I fell in love with her words not her beauty. All her life I will be the only man to love her purely for her words.

But when she looked up, she did not even notice me. At first, I thought she was watching the letters twirl between us, then skipping beyond me. She did look at my eyes, but only for a moment before passing elsewhere. The letters held nothing for her.

She closed the book, set it back on the table amid the others, and the letters slowed, gradually disappearing as she walked away. My instinct was to follow her out the store but I hesitated and she was gone. I turned back towards the books on the table.

It wasn’t another but a place that I sought, here among these books where the letters flowed. I come every day, all day. I’m here when the store opens and when it closes.
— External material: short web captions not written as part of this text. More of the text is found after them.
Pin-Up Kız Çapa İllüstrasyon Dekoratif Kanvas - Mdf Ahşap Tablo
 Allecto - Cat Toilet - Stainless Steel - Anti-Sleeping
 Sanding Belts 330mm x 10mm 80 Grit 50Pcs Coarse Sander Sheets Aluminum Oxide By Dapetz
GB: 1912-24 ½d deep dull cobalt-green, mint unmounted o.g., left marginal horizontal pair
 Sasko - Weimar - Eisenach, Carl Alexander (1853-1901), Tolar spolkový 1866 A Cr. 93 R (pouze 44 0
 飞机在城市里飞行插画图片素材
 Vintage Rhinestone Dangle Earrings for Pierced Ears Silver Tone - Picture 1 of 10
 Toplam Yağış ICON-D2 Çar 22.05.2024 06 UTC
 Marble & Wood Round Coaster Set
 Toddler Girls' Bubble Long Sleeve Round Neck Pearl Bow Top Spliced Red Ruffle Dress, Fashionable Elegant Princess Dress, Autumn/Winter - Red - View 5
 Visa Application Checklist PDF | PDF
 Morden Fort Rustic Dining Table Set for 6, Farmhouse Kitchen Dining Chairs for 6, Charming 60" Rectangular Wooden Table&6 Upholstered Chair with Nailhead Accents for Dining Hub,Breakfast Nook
I no longer bother to bath, shave, or change clothes. I sleep on the street at night. Eventually the clerks asked me to leave the store saying my body’s stench offended everyone. Prevented from forever crossing the threshold, I camp here on the sidewalk just outside.

One day watching the letters spiral from the store and cascade into sky, I saw the woman from that very first night. I remembered the letters dancing along her slender hand and how I thought I had loved her. As she walked by me, I lifted my hand towards her, saying, “I thought it was you.” Bearded and filthy, sitting in rags on the sidewalk day and night, I mumble, “I thought it was you.”